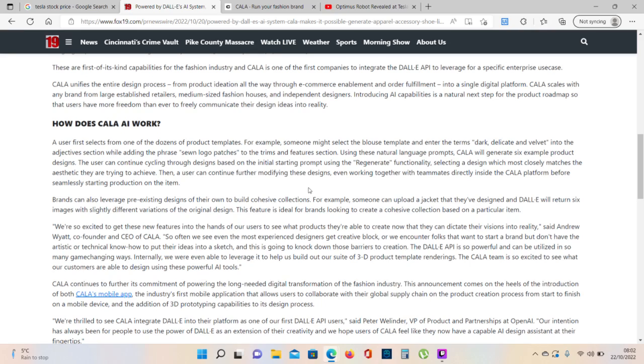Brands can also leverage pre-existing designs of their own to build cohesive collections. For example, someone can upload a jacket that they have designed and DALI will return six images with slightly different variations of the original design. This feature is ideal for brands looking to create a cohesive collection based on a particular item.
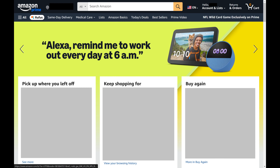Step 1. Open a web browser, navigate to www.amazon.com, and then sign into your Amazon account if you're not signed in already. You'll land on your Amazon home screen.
● ● ● ● ●
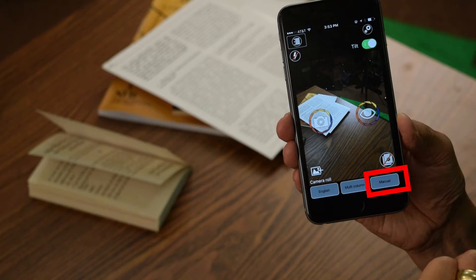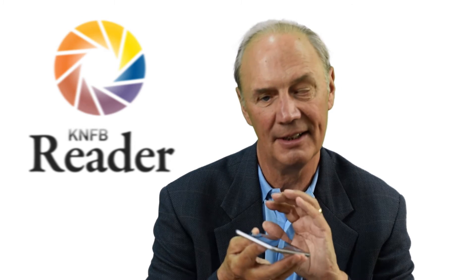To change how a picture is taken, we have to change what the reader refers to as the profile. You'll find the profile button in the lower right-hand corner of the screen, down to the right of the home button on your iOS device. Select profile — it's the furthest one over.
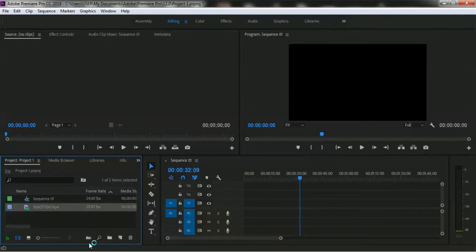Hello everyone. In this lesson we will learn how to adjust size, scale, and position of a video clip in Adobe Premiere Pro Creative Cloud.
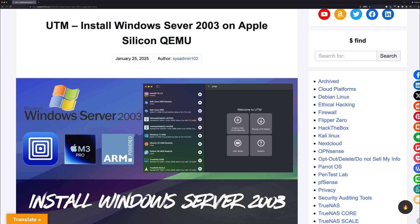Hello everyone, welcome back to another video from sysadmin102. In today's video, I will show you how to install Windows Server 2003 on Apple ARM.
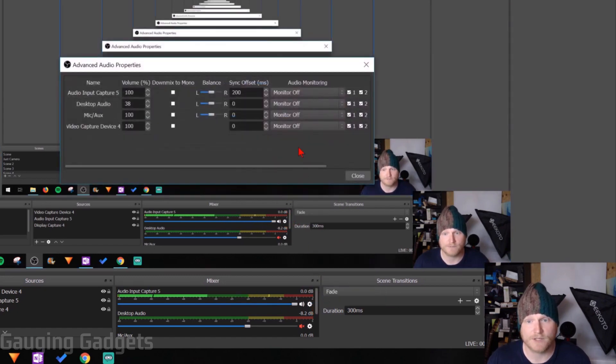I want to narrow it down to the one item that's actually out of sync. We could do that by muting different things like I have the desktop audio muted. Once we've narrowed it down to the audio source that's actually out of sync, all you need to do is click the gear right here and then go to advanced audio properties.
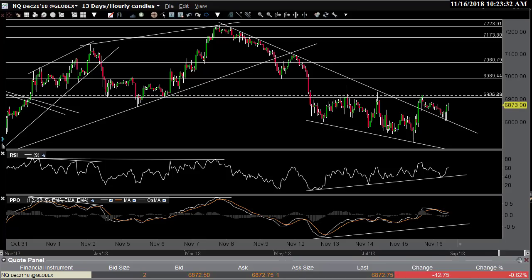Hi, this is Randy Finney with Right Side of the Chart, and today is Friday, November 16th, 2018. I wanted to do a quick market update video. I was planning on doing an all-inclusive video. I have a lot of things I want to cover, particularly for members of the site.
● ● ● ● ●
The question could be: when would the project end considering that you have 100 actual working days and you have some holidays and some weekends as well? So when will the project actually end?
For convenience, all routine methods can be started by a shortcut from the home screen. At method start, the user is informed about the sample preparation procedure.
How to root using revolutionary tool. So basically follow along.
● ● ● ● ●
- [Exercise directions]:
From the data above, output only the lines between the line containing "For convenience, all" and the line containing "How to root", inclusive, exactly as written.

- [Answer box]:
For convenience, all routine methods can be started by a shortcut from the home screen. At method start, the user is informed about the sample preparation procedure.
How to root using revolutionary tool. So basically follow along.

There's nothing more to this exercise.